Seagull Sips Cappuccino

We are waiting for the driver to finish his smoke. He paces the concrete. The bus is half-full. There is quiet chat and nobody grumbles. This is how it is in a small seaside town.


The bus service is limited. It is a luxury. We wait with our bags of shopping. We wait with an eye on the clock. The 31 route connects Weston with Lemington with Bridgewater with Broadmeadows and all the small places between.


We are at Bridgewater bus station. I come over here each Wednesday morning to buy food. It is 9 miles from Weston and the whole mission can take three hours. The journey itself takes 30 minutes, but with the waiting for the bus and the walk between the bus station and the supermarket and the waiting at the counter and the waiting for the bus driver to smoke his cigarette, the day slips away.

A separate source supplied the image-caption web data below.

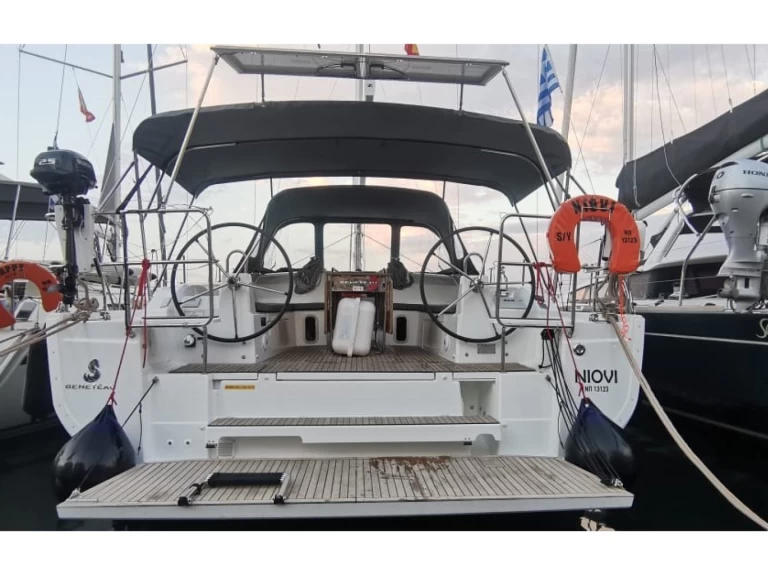 Sailboat to hire Préveza at the best price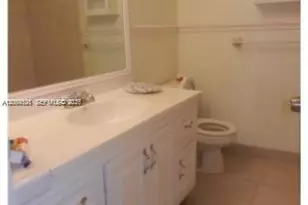 100 Lakeview Dr, Weston, FL 33326 - Photo 7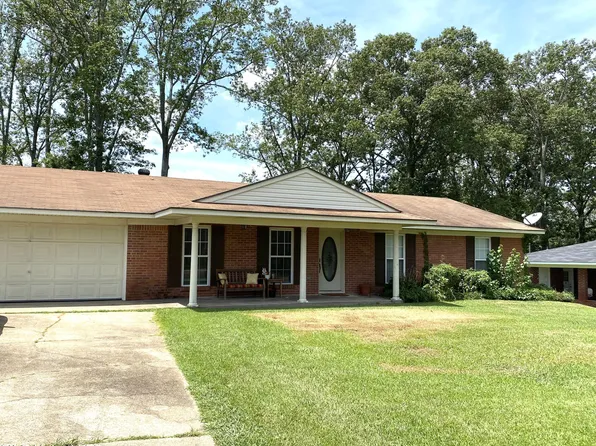 134 Scott Dr, Forest, MS 39074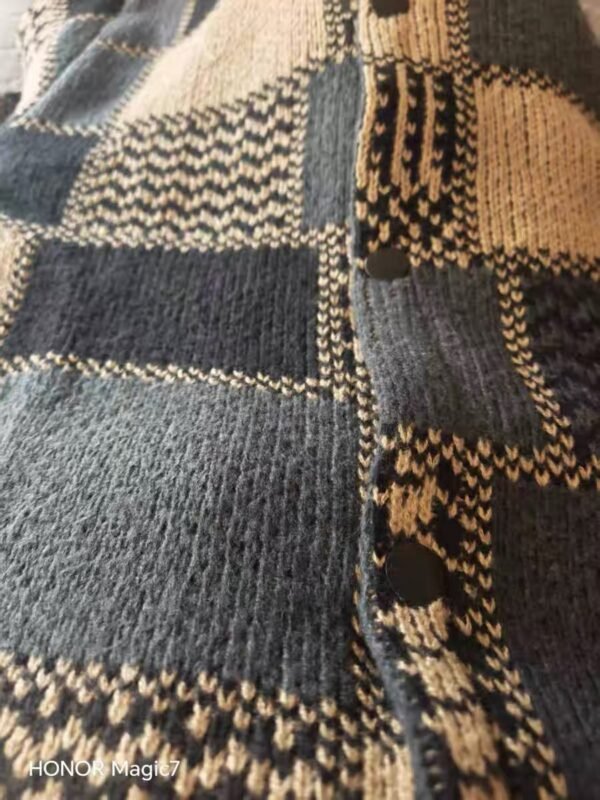Cardigan – Patchwork Knitted Unisex – Winter Elegance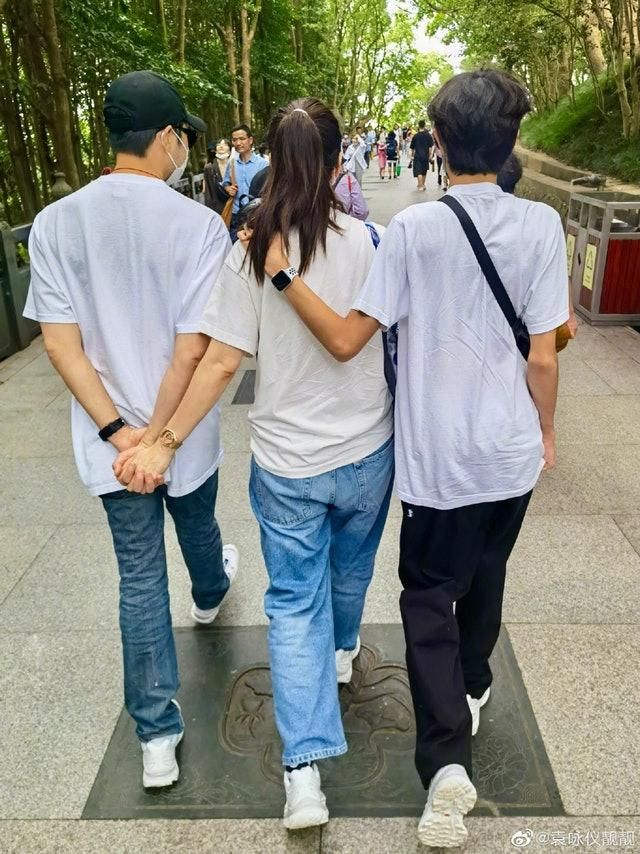 Hôn nhân 21 năm đáng ngưỡng mộ của Trương Trí Lâm và Viên Vịnh Nghi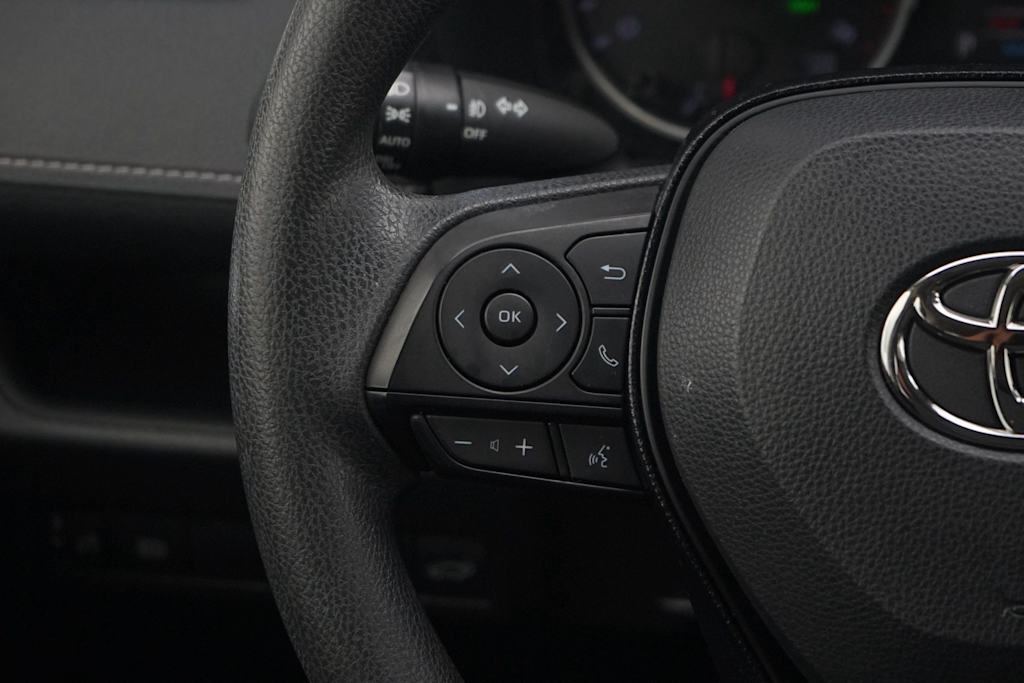 Thumbnail: 2021 Toyota RAV4 - 23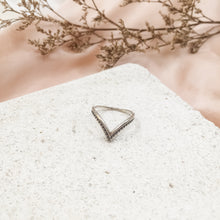 Load image into Gallery viewer, Ring India Pointy Dots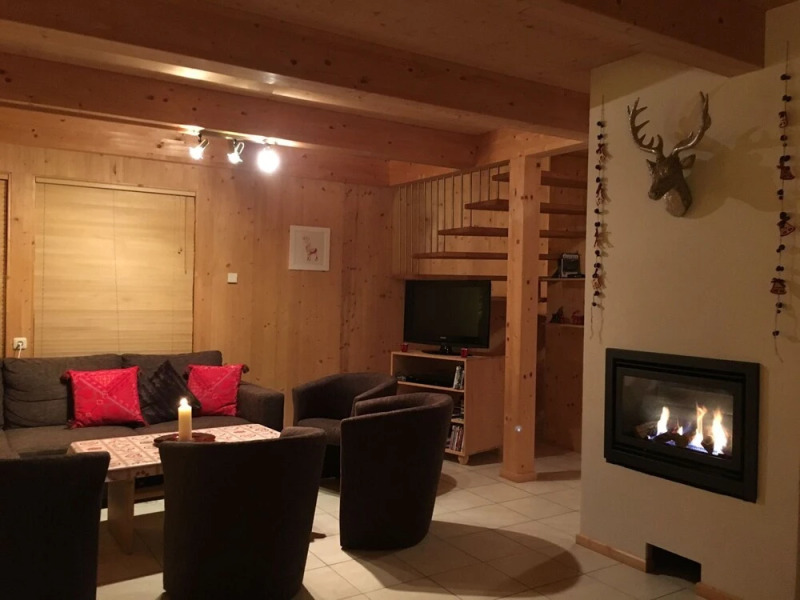 Detached Wooden Chalet with Sauna near Kreischberg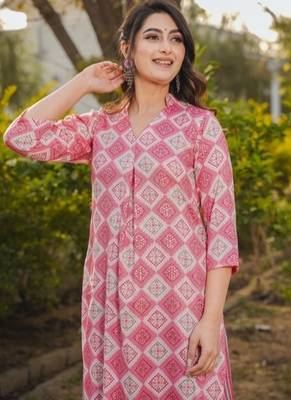 Floral printed rayon v neck kurta & trouser set 4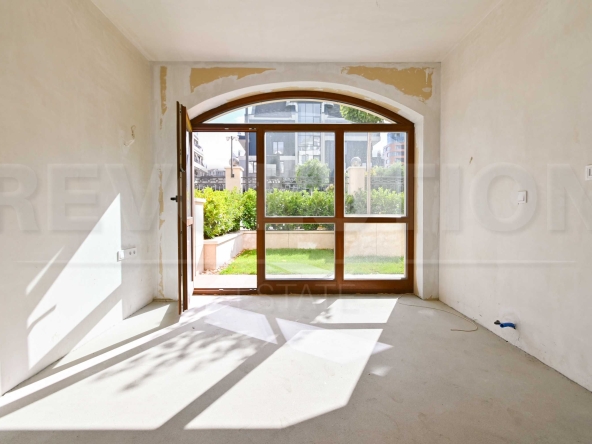 Тристаен апартамент в София, Кръстова вада - 252 кв.м за 1112 €/кв.м - Снимка #1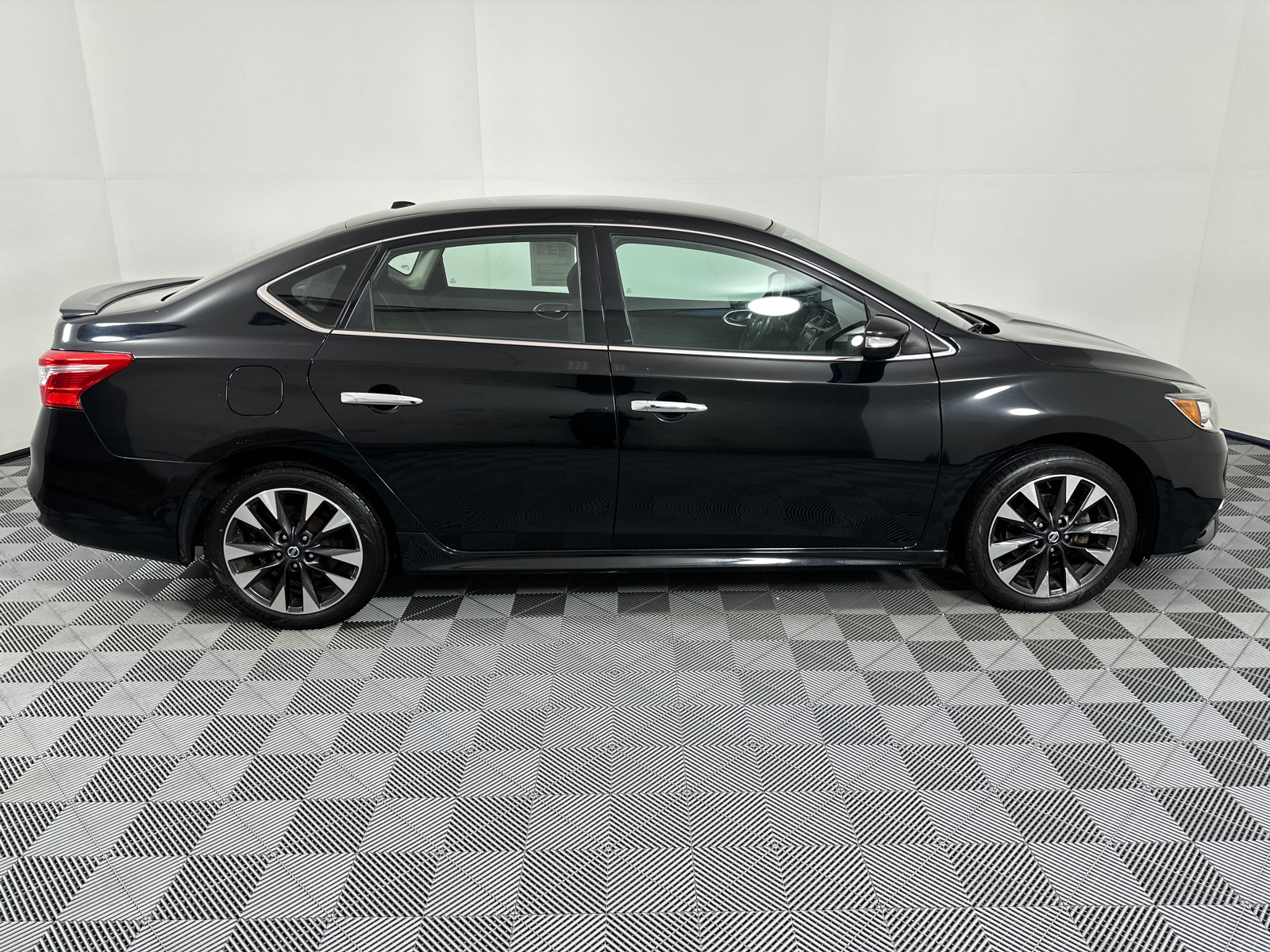 2017 Nissan Sentra SR 8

A few people are sitting in the shelter. They are waiting for buses. Buses that will take them further. There is a discarded plastic coffee cup on the ground just below the window where I sit. A gull drops out of the sky and walks in the rain over the concrete towards it.


It reaches the cup, peers in and begins to drink. Every so often it pauses, looks around and returns to its beverage. What has the world come to when a seagull sips cappuccino?

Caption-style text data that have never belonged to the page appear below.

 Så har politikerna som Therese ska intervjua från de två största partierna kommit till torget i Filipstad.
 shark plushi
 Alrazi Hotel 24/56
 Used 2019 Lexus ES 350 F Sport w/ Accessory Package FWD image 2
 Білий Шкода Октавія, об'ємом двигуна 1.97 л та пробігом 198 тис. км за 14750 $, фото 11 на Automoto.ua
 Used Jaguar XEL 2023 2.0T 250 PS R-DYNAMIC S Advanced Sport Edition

Later, wired, high above the streets, carving vast circles, Golden Cap out there west, Penn Beacon stretched out on the water to the east, Lowesdon Hill to the north, it will cast its coffee-pricked eyes towards the ground and, from way up there, will spot Tommy Philips, veteran of Normandy, sat in wheelchair at formica table outside Miranda’s on chilly West Street. It will see muffin aimed at mouth, two coffees steaming October. It will see wife, counting shrapnel back into purse, (saying something to young girl in black polo shirt, wiping table top with dishcloth) and, turning once more in a sharper arc, it will draw back its wings and plummet: a jumble of unnecessary, unwanted and unnatural thoughts rushing through its head; caffeine and sugar guano pouring from its arsehole.


The gull will land in the old veteran’s lap and, totally ignoring the lemon and poppyseed muffin (hunger staved, but belly rumbling), say, ”GOOD MORNING!” It will push its beak into the frothy hot milk beverage and drink with gusto. Tommy Philips will throw his hands up in surrender. Mrs. Philips, coins spilling all over formica and onto the paving, will let forth a shriek. The girl in the black polo shirt (a tag on her chest reads Miranda’s and MANDY) will shoo at the gull with the dishcloth and say, ”CLEAR OFF!”


The bird shakes the froth from its beak and shudders and says, rather too loudly for pleasant society, ”NAH, GIRL! YOU CLEAR OFF!” Mandy recoils in horror, surprise. The customers are generally so polite. Mr. and Mrs. Philips exchange looks of discomfort. The gull looks at the badge on black polo shirt and says, ”…AND ANOTHER THING… MANDY … THIS IS A FRICKING LATTE! NOW GET ME THE MANAGER!”